_How to complete this task_. With the pictures excluded, retype the records that follow exactly.

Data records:
◆ ◆ ◆
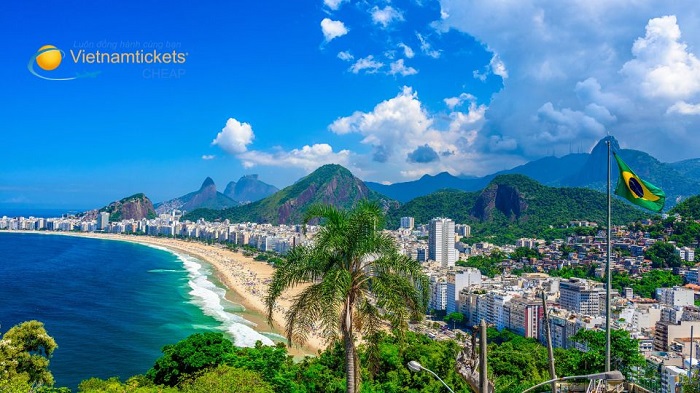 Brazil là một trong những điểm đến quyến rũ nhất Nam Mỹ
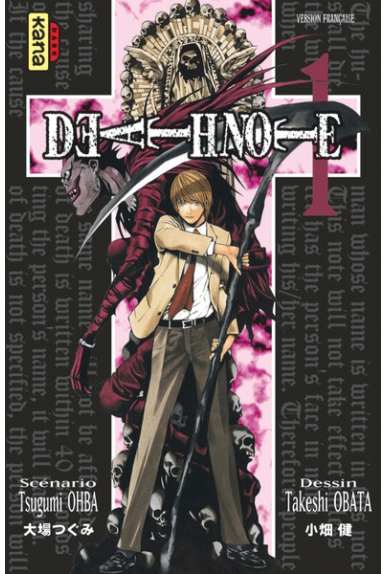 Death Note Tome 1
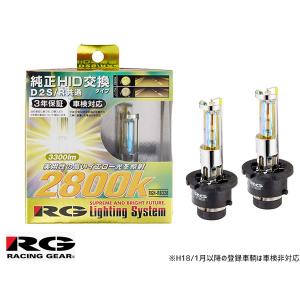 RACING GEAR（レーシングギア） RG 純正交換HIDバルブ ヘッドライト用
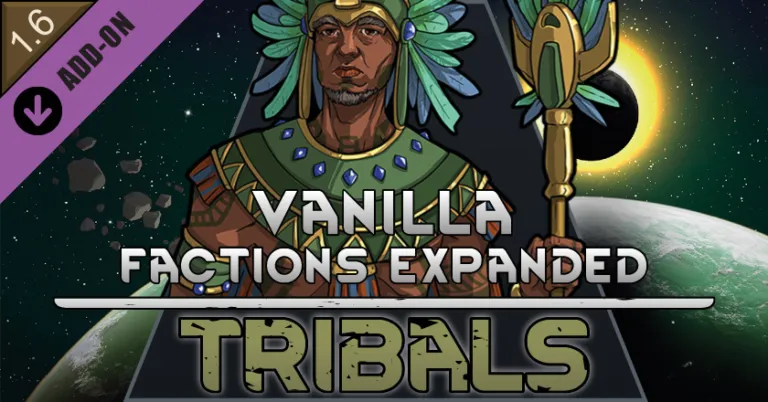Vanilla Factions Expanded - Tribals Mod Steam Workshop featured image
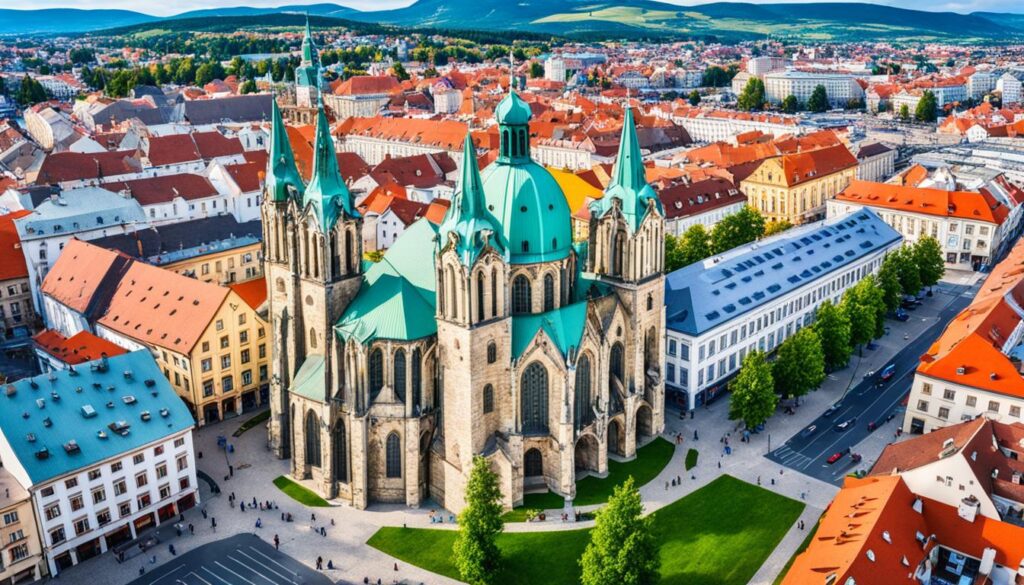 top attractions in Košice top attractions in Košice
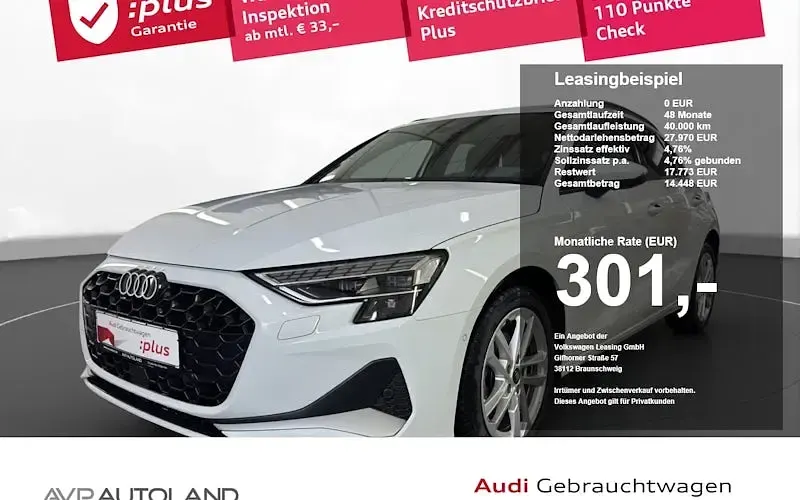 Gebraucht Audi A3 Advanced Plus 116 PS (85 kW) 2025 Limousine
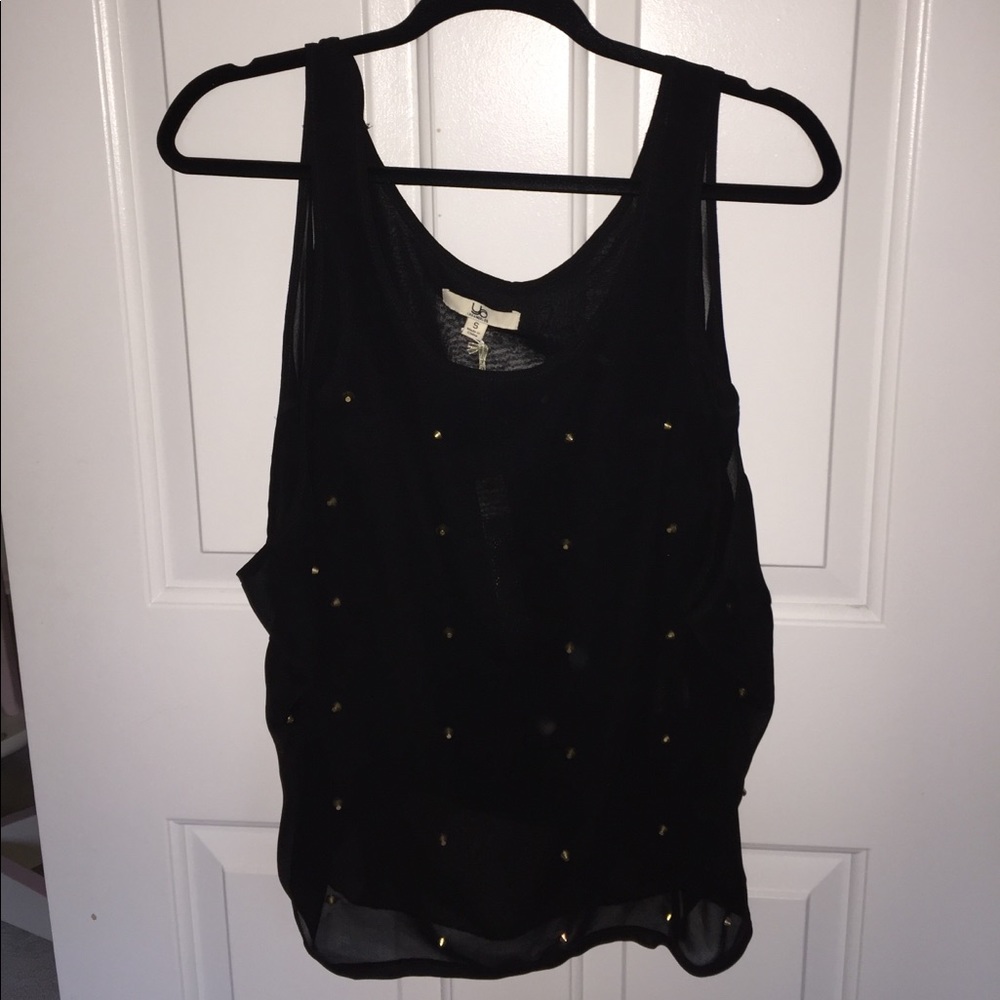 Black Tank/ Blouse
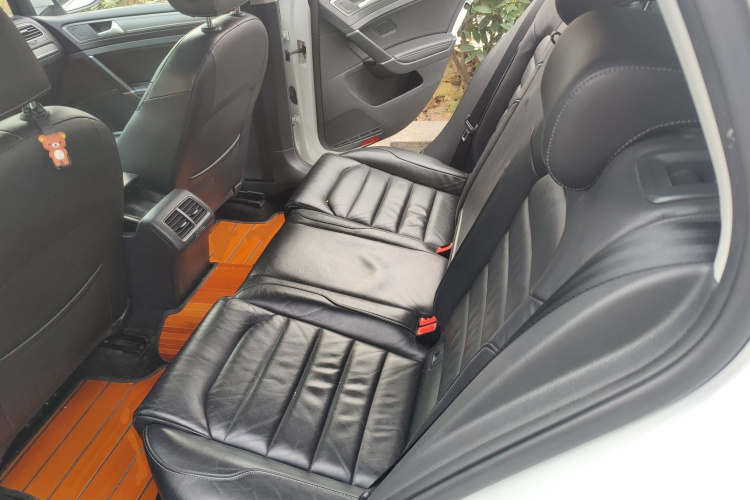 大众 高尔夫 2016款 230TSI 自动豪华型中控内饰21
◆ ◆ ◆
_Your solution_.
 Brazil là một trong những điểm đến quyến rũ nhất Nam Mỹ
 Death Note Tome 1
 RACING GEAR（レーシングギア） RG 純正交換HIDバルブ ヘッドライト用
Vanilla Factions Expanded - Tribals Mod Steam Workshop featured image
 top attractions in Košice top attractions in Košice
 Gebraucht Audi A3 Advanced Plus 116 PS (85 kW) 2025 Limousine
 Black Tank/ Blouse
 大众 高尔夫 2016款 230TSI 自动豪华型中控内饰21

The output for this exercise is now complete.